AI-Generated Music Detection in Broadcast Monitoring
David Lopez-Ayala, Asier Cabello, Pablo Zinemanas, Emilio Molina, Martin Rocamora
TL;DR
The paper tackles the problem of detecting AI-generated music in broadcast environments, where music often appears as brief, speech-masked excerpts unlike full-length streaming tracks. It introduces AI-OpenBMAT, a broadcast-oriented benchmark built by extending OpenBMAT with AI-generated continuations from Suno v3.5 and realistic loudness patterns, totaling 54.9 hours across 3,294 one-minute excerpts. Through three controlled experiments (SNR robustness, duration robustness, and full broadcast evaluation), the authors benchmark a CNN baseline and SpectTTTra variants, showing dramatic performance drops under broadcast-like conditions. The dataset serves as a practical tool to drive development of detectors robust to speech masking and short-duration cues, with clear implications for industrial broadcast monitoring.
Abstract
AI music generators have advanced to the point where their outputs are often indistinguishable from human compositions. While detection methods have emerged, they are typically designed and validated in music streaming contexts with clean, full-length tracks. Broadcast audio, however, poses a different challenge: music appears as short excerpts, often masked by dominant speech, conditions under which existing detectors fail. In this work, we introduce AI-OpenBMAT, the first dataset tailored to broadcast-style AI-music detection.

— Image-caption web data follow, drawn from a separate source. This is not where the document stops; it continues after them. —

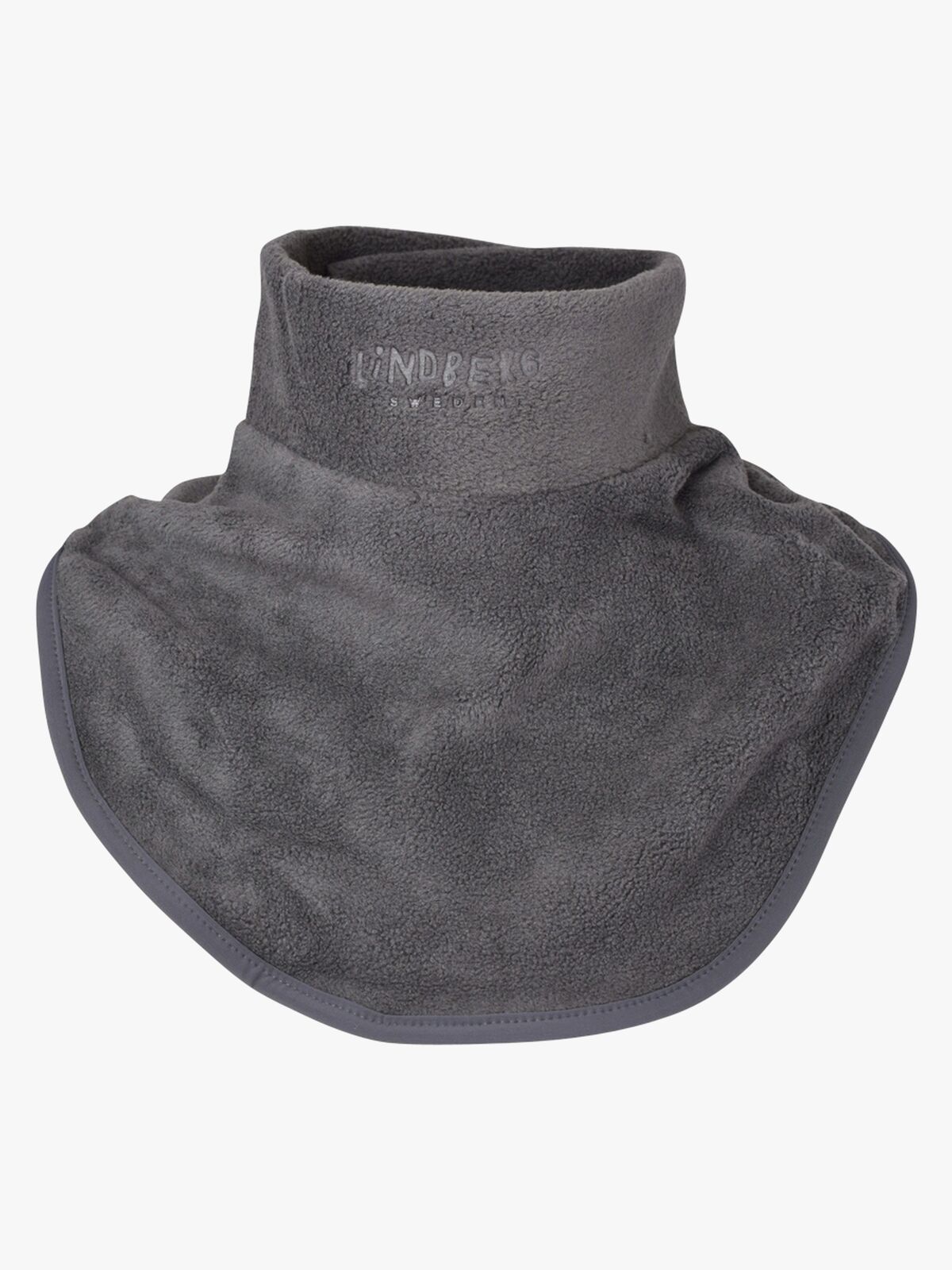 1560-G-AW15_1.jpg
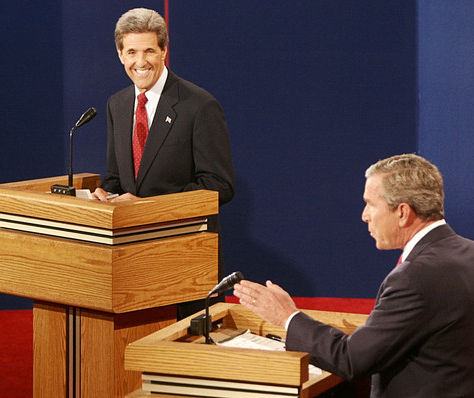 Los malos contadores de historias están en todos lados ¡No sea uno de ellos!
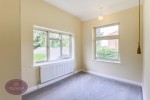 Images for Nuthall, Nottingham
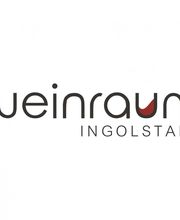 Weinraum Logo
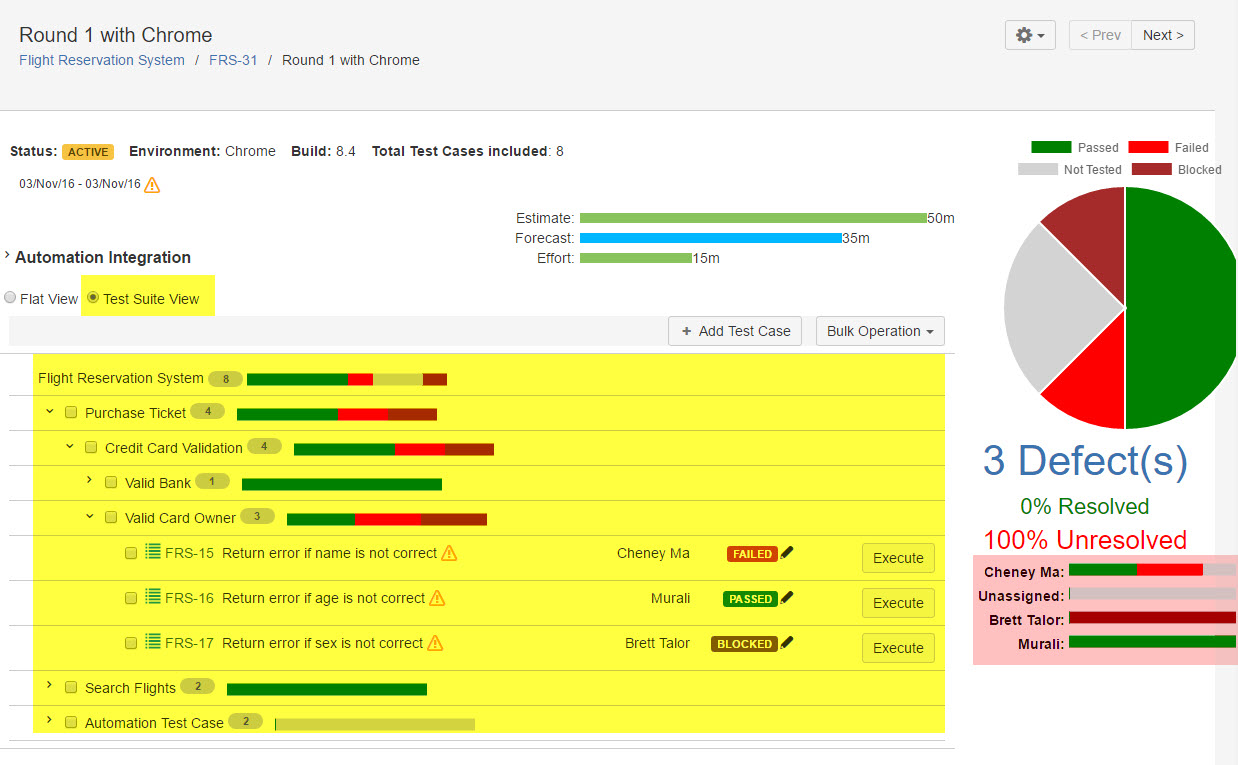 RN_Screenshot_01.jpg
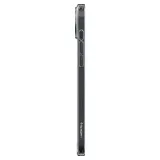 etui-do-iphone-14-plus-spigen-airskin-hybrid-typ-plecki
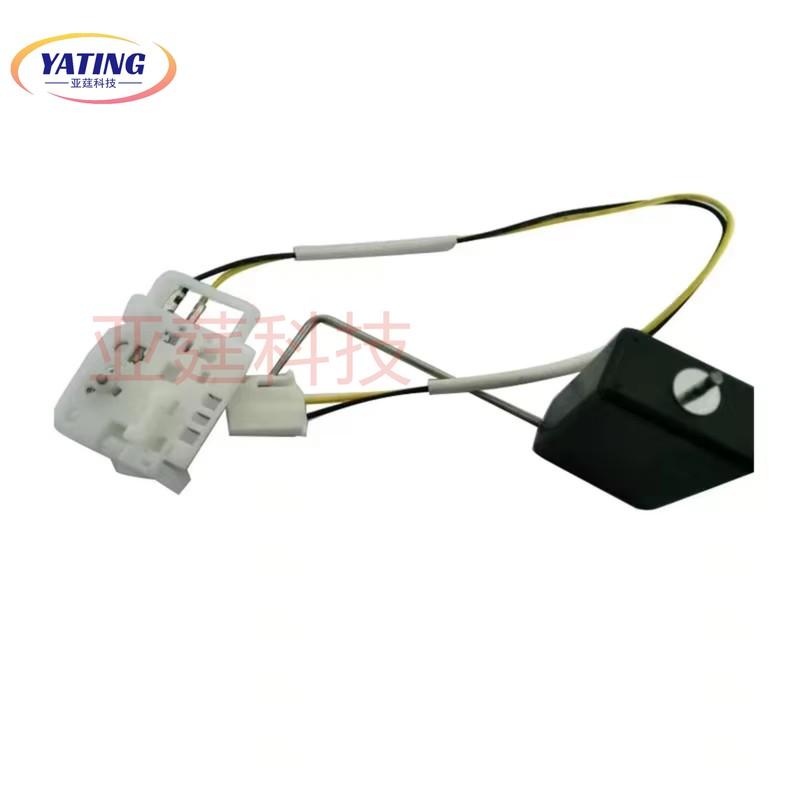 Fuel Level Sensor Tank Gauge 17630-SNA-A01 17047-SNA-000 For Honda Civic 2006-2011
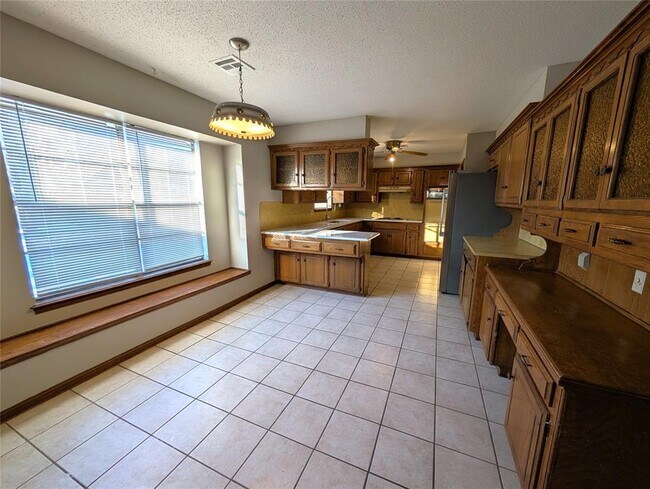 Foto del edificio - 6308 NW 84th St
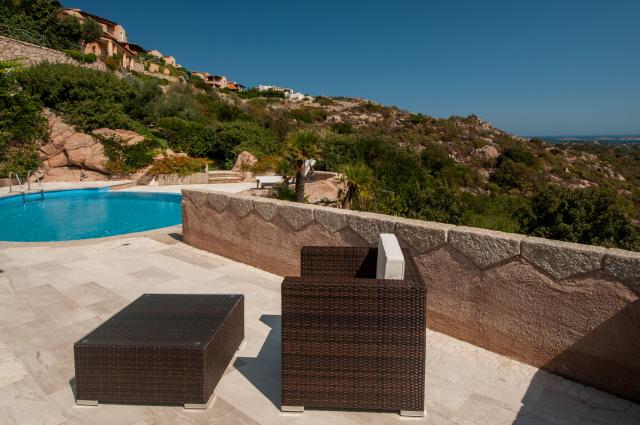 Photos for house 643686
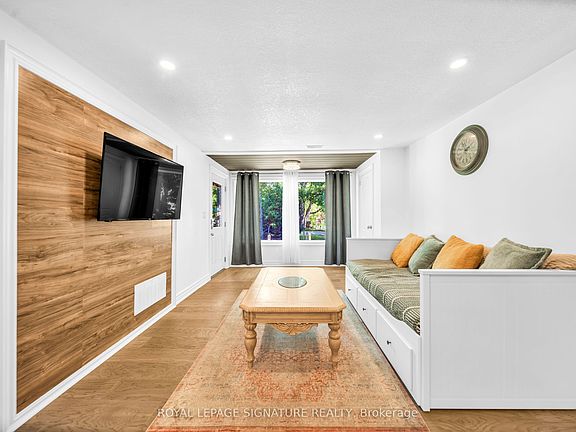 5th image of 2020 Kate Ave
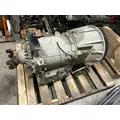 INSPECTED Transmission Assembly ALLISON 3000RDS_P for sale thumbnail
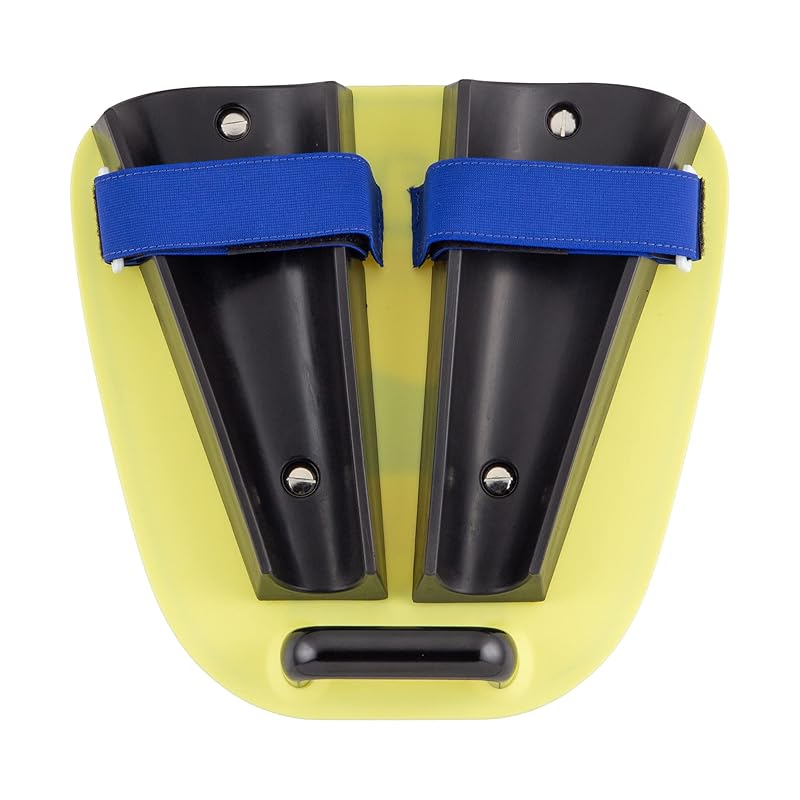 MIKASA Tábua de Treino de Recepção Modelo V200W AC-RT200W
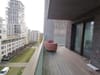 Photo 10 de 20 – Appartement à Antwerpen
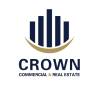 Crown Valuation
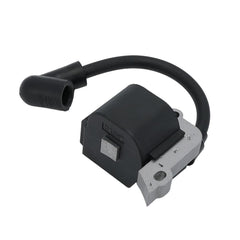 Hipa GA3099A Ignition Coil Compatible with Stihl FS45 FS55 FS46 Brushcutters HS45 HL45 Trimmers Similar to 4140 400 1308 - hipaparts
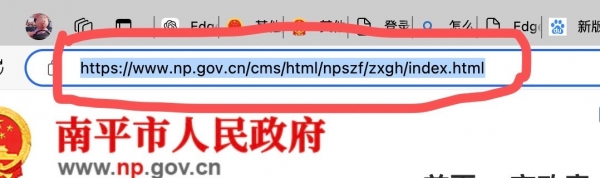 excel复制链接不显示网页标题怎么办？超链接恢复文本格式教程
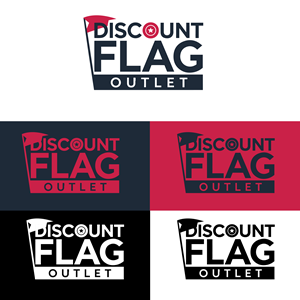 Diseño de Logo por Shariqology para este proyecto | Diseño #35766578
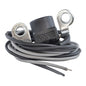 RMSTATOR PICKUP PULSAR COIL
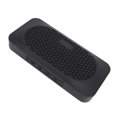 thumbnail image 1 of Speaker, Outdoor  Speaker IPX5 Water Resistant 10W FM Radio BT 4.1  for Party, 1 of 7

It contains 3,294 one-minute audio excerpts (54.9 hours) that follow the duration patterns and loudness relations of real television audio, combining human-made production music with stylistically matched continuations generated with Suno v3.5. We benchmark a CNN baseline and state-of-the-art SpectTTTra models to assess SNR and duration robustness, and evaluate on a full broadcast scenario. Across all settings, models that excel in streaming scenarios suffer substantial degradation, with F1-scores dropping below 60% when music is in the background or has a short duration. These results highlight speech masking and short music length as critical open challenges for AI music detection, and position AI-OpenBMAT as a benchmark for developing detectors capable of meeting industrial broadcast requirements.